Work to complete: Return the lines of the data below exactly. Start at the first and end with the line containing "タイヤ　ホイール4本の画像".

Records for the task Block Start

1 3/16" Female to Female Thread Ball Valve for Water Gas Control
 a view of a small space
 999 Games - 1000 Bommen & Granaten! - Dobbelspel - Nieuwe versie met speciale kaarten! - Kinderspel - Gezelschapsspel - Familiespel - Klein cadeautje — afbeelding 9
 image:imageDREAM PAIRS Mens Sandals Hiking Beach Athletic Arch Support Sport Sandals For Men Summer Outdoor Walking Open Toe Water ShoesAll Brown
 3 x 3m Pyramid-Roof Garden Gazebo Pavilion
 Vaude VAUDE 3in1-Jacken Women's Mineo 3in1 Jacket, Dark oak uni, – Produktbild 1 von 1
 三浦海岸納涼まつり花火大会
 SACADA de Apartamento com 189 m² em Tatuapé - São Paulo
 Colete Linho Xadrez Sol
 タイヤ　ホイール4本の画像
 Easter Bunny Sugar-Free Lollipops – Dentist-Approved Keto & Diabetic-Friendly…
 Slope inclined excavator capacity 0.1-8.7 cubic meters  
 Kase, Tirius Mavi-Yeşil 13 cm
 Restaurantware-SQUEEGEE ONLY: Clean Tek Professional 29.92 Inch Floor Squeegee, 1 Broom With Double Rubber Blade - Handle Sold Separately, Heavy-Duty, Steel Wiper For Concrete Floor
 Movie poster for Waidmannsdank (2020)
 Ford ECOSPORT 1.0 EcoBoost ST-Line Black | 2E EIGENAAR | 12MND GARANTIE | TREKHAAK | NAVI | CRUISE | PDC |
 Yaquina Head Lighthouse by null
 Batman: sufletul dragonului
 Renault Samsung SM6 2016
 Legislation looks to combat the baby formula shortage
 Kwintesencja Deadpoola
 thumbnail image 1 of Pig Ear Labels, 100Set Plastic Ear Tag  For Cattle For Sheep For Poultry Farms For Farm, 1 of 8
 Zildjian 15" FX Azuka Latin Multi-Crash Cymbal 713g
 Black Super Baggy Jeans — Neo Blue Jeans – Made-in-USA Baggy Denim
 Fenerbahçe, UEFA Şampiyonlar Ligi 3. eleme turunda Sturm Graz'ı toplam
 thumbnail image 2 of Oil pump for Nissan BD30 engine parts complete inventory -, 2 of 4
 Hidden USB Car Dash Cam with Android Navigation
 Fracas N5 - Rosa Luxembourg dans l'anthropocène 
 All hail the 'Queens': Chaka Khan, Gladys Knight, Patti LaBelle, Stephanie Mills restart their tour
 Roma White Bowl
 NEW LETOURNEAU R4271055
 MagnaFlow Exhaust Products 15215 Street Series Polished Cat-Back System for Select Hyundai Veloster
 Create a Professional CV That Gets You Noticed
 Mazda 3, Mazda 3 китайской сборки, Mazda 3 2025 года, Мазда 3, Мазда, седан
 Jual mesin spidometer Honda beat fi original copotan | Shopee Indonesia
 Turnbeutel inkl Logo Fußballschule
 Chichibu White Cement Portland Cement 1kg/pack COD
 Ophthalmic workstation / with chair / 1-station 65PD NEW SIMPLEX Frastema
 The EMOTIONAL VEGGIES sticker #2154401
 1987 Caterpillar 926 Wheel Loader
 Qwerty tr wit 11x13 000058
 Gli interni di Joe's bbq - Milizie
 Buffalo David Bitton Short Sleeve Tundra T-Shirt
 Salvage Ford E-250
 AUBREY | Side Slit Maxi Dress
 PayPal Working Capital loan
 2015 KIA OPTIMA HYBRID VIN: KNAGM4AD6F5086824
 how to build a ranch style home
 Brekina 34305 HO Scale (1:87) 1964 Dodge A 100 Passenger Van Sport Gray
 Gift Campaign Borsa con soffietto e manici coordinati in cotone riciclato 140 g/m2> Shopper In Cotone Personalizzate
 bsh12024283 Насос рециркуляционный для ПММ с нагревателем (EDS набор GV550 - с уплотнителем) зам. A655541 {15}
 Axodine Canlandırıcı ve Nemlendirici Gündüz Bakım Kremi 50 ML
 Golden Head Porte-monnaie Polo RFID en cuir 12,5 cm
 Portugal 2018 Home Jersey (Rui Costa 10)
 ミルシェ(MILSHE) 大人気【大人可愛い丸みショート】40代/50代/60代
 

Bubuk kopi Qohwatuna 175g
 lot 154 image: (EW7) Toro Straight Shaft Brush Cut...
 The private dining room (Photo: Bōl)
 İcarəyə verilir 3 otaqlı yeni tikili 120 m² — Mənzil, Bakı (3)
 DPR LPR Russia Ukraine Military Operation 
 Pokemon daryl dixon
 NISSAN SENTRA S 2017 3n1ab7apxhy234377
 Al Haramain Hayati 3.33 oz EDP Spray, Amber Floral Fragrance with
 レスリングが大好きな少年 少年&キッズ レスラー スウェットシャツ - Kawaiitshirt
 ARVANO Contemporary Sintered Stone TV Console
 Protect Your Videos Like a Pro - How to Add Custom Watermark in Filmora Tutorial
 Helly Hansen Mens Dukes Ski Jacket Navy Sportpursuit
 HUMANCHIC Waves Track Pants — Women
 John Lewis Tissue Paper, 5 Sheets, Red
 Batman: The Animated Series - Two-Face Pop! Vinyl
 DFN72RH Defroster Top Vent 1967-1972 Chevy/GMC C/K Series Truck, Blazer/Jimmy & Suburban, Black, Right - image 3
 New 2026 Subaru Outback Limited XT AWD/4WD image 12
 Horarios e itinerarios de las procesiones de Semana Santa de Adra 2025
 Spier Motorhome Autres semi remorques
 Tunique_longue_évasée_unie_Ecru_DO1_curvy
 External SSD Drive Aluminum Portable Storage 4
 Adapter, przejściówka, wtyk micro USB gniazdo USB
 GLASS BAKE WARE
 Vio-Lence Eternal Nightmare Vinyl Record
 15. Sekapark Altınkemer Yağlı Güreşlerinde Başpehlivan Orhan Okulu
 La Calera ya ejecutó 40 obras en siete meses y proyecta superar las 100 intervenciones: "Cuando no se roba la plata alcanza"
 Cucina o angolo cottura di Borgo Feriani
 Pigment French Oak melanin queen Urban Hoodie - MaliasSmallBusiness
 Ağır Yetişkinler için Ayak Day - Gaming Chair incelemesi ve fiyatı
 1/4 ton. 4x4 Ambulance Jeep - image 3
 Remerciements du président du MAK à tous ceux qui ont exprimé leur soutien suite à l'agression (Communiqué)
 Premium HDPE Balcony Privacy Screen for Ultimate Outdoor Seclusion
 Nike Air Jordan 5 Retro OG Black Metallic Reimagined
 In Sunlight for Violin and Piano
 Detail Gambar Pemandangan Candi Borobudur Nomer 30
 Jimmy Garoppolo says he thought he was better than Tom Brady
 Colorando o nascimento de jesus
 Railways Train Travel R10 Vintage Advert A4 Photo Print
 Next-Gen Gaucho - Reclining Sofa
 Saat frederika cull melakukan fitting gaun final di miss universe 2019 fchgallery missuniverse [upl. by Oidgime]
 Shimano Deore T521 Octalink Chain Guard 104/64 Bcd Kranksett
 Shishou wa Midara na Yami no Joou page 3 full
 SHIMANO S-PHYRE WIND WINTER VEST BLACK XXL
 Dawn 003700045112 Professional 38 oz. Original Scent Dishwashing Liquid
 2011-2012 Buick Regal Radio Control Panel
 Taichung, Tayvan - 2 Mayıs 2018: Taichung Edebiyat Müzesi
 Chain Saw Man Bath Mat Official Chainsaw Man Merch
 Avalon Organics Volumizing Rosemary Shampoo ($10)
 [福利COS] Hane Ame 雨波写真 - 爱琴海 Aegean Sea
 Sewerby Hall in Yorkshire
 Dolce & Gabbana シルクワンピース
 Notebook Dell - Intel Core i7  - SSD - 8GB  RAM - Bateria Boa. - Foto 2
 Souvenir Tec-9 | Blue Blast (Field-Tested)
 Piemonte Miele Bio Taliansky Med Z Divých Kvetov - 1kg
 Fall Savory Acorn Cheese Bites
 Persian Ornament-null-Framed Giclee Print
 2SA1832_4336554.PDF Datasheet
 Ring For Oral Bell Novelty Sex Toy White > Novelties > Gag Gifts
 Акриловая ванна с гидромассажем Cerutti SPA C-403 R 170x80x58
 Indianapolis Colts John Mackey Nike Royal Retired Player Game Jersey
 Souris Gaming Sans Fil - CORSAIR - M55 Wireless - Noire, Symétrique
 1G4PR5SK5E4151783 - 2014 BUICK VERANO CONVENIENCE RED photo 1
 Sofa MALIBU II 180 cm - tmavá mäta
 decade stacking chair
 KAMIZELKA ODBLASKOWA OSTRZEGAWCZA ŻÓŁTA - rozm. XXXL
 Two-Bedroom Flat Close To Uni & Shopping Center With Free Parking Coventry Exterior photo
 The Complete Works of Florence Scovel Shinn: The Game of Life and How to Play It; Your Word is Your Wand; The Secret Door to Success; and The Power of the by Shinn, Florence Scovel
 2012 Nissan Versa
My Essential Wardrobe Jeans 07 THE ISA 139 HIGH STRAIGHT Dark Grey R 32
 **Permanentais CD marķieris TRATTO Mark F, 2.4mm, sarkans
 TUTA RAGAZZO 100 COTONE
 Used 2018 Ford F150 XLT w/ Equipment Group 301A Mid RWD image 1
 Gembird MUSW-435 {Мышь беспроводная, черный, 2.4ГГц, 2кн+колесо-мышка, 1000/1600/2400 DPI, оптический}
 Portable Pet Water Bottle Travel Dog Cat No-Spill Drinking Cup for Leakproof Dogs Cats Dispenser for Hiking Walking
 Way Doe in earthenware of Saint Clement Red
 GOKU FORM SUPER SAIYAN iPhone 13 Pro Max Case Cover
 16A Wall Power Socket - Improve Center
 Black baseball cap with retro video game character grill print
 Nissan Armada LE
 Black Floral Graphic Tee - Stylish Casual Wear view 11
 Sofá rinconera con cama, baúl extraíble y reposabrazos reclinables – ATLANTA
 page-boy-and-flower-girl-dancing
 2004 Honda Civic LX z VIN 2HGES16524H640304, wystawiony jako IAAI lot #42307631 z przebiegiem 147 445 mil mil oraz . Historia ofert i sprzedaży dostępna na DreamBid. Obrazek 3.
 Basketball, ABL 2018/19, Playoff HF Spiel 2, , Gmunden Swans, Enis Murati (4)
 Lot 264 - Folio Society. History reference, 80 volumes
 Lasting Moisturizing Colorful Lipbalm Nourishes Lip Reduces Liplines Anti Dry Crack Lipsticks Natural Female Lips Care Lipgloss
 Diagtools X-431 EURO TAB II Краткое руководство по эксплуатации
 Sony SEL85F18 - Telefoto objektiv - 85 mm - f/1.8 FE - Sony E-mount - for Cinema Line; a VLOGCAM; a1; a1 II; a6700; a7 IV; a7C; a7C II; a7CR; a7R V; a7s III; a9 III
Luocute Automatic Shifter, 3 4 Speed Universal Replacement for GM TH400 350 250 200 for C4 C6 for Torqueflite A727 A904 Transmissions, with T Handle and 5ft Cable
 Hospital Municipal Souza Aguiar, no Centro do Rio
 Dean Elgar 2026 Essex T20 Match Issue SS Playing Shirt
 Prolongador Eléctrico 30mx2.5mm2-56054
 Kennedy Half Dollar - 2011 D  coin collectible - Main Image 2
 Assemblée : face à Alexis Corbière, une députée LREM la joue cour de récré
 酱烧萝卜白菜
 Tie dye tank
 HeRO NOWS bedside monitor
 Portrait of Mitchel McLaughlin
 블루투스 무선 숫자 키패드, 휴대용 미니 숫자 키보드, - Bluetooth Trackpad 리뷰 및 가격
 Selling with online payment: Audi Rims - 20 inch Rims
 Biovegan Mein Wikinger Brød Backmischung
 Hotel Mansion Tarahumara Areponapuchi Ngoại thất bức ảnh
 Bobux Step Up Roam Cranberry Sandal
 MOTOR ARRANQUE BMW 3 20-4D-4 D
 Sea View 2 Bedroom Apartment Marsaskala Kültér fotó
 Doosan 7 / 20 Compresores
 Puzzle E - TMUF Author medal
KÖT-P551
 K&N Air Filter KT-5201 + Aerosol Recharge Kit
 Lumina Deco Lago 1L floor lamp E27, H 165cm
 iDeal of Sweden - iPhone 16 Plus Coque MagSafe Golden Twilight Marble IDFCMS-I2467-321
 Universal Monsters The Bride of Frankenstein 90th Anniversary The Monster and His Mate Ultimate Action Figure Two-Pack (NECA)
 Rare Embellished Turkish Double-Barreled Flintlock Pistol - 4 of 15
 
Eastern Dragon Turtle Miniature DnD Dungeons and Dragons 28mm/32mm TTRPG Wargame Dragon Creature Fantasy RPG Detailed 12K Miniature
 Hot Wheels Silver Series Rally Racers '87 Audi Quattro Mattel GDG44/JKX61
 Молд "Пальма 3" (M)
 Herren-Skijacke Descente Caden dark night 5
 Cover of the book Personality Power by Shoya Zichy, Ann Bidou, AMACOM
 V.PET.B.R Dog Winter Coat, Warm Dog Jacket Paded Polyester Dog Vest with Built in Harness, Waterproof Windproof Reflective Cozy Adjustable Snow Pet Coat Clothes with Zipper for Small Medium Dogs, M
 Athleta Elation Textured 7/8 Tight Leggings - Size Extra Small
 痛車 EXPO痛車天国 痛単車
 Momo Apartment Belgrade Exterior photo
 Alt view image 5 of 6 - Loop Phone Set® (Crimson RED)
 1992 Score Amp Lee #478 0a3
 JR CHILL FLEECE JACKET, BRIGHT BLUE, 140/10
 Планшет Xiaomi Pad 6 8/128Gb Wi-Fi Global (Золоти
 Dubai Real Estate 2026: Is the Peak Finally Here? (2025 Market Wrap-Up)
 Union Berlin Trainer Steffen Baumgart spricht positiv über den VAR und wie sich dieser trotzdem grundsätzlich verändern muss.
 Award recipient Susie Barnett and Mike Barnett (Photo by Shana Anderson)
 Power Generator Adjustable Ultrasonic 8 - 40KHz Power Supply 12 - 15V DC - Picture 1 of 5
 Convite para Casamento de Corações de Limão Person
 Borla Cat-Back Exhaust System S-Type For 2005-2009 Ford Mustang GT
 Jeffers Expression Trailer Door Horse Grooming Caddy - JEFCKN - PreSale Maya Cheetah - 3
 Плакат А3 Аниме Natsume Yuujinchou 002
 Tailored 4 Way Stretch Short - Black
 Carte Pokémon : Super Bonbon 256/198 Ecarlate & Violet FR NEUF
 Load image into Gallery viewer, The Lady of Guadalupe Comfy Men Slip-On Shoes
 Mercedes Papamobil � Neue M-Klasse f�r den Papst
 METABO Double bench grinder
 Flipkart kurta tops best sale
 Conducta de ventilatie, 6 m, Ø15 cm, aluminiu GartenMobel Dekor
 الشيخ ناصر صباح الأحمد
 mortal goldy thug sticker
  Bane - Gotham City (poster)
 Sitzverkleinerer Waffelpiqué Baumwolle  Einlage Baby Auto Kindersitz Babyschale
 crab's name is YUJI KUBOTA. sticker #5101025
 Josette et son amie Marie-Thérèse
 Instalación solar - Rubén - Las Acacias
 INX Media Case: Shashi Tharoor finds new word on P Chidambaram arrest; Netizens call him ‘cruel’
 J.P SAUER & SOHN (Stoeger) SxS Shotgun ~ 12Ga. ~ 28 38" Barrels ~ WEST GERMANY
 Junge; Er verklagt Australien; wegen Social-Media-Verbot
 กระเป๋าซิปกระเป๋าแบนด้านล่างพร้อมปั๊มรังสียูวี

Records for the task Block End

Result:
1 3/16" Female to Female Thread Ball Valve for Water Gas Control
 a view of a small space
 999 Games - 1000 Bommen & Granaten! - Dobbelspel - Nieuwe versie met speciale kaarten! - Kinderspel - Gezelschapsspel - Familiespel - Klein cadeautje — afbeelding 9
 image:imageDREAM PAIRS Mens Sandals Hiking Beach Athletic Arch Support Sport Sandals For Men Summer Outdoor Walking Open Toe Water ShoesAll Brown
 3 x 3m Pyramid-Roof Garden Gazebo Pavilion
 Vaude VAUDE 3in1-Jacken Women's Mineo 3in1 Jacket, Dark oak uni, – Produktbild 1 von 1
 三浦海岸納涼まつり花火大会
 SACADA de Apartamento com 189 m² em Tatuapé - São Paulo
 Colete Linho Xadrez Sol
 タイヤ　ホイール4本の画像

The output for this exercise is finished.